CANNON BEACH — Knife-wielding customers — often hopped-up on pub fare and libations — slowly transform an enormous mound of pumpkins on the deck at Driftwood Restaurant & Lounge into a shining artistic display, with entries ranging from sweet and simple to slightly terrifying.

There are no rules when it comes to Driftwood’s annual weeklong pumpkin-carving contest, which started last Friday and goes through today. Since the carving takes place on the deck, which is exclusively for patrons 21 and older, the contest is, by default, adults only.

Other than that, the restaurant supplies pumpkins and tools and lets patrons’ imaginations run wild. Seeing what comes out the other side is one of manger Kyle Genin’s favorite aspects of the contest.

The Driftwood is a local hangout, so staff and management often see familiar customers. However, the pumpkin-carving contest lets them experience a different side of those regulars, Genin said.

“You get to see their talents come through,” he said. “It’s just fun to see what the locals can do.”

Paul and Susie Nofield, who both are very active in the community, started the tradition of pumpkin-carving at the restaurant many years ago, originally as a fun, non-competitive activity to celebrate the fall season.

“The Driftwood is good about doing a lot of local functions,” Genin said.

Three years ago, the activity transformed into a contest.

“Now, it’s serious business,” Genin said.

Some people anticipate the contest each year, bring their own supplies and spend hours on their creations using stencils and painstakingly drawn-out designs. Other people happen upon the event by chance.

Thomas and Vanessa Phillips, of Tacoma, Washington, said they were out for a drink during their Cannon Beach getaway and decided to participate.

Vanessa Phillips carved the Driftwood logo — a salmon — and restaurant name into her pumpkin, accomplishing a striking resemblance. Thomas Phillips graciously tried resurrecting the pumpkin that was used in her first attempt (she started over when she didn’t like how the fish was turning out). He added numbers, eyes, symbols and other embellishments to create a pumpkin that was, as he described it, a “Charles Manson reference.”

Stephanie Crespin and Grant Garrett, of Huntington Beach, California, took a different approach. While waiting for their table, they said, they sat on the beach, searched online for ideas and then drew mockups on napkins.

Crespin carved an image of Minnie Mouse, because she loves Disneyland, she said. Garrett’s was the product of an Internet search result when “we Googled ‘pumpkin carving easy,’” Crespin joked.

Garrett said he hasn’t carved a pumpkin since he was 7. Crespin carves one every year for Halloween, but because of travel, she did not expect to have an opportunity this year.

“This was a good surprise,” she said.

They also did not visit Driftwood specifically for the pumpkin-carving and saw the contest advertised on a sign only when they got there.
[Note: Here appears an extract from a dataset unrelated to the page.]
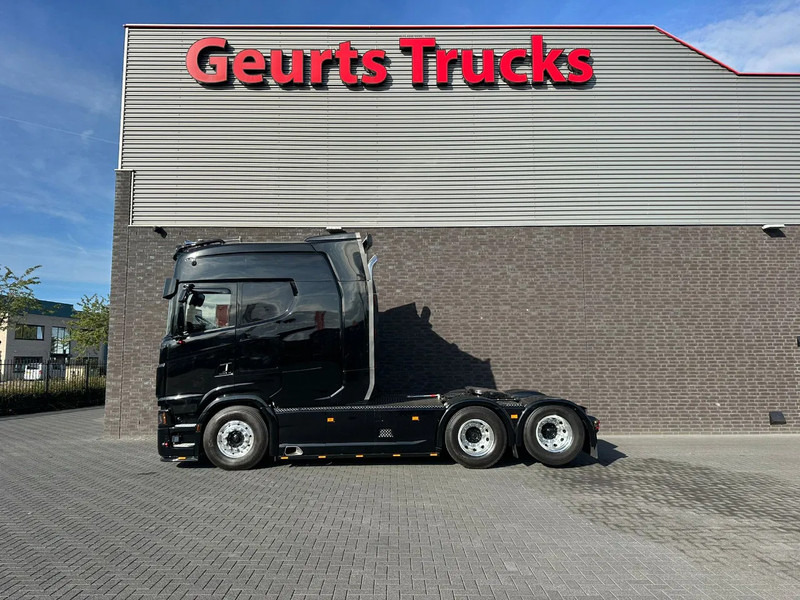 Scania S660 V8 6X2 LONGLINE SPECIAL INTERIOR BUFFL TREKKER MET HYDRAULIEK / SATTELZUG / TRACTOR UNIT / CAMIÓN - Sattelzugmaschine: das Bild 1 Scania S660 V8 6X2 LONGLINE SPECIAL INTERIOR BUFFL TREKKER MET HYDRAULIEK / SATTELZUG / TRACTOR UNIT / CAMIÓN - Sattelzugmaschine: das Bild 1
“We came here by referral,” Garrett said, adding they were told Driftwood is a “local favorite.”

The activity is just one aspect that lends to Cannon Beach’s charm and gives the town “a good feel,” Grant said.

“It’s what mainstream America is missing these days,” he said of Cannon Beach.

When the contest first started, patrons carved about 20 pumpkins. Last year, the total increased to about 90. This year, the restaurant had more than 100 pumpkins ready to go.

The contest was shortened to one week instead of two this year, because the pumpkins start seriously decaying after that, Genin said. The staff wanted to avoid having to rinse the pumpkins in bleach water to extend their longevity, which was a time-consuming but necessary task last year, he said.

Despite the consistent clean up required, Genin said he and other staff members feel scrubbing sticky pumpkin residue off the deck, tables and chairs is worth the way in which the contest brings people to the Driftwood to socialize. It’s not uncommon to find people conversing, sharing equipment and enjoying a drink while carving.

The mixture of alcohol into the activity sometimes leads to interesting creations, but only one person has suffered an injury so far. Luckily, it was just a mild laceration on their finger, Genin said.

Everyone who participates in the contest gets a T-shirt. On the final day of the contest, the restaurant’s owners and management select first-, second- and third-place winners, who get $100, $75 and $50 gift cards, respectively.

Genin said he takes pictures of each entry and puts them online. He is thinking about next year adding a winner for the person whose entry receives the most “likes” on Facebook.

Whether it is the free T-shirt or a desire to relive childhood memories that drives participation, the contest is “just a great community event,” Genin said. Additionally, it keeps visitors coming back to town at a time of year when tourism usually begins slowing down.

For some people, “it turns into an annual trip to Cannon Beach to carve pumpkins,” Genin said. “What a great memory that’s going to be lodged into their brain.”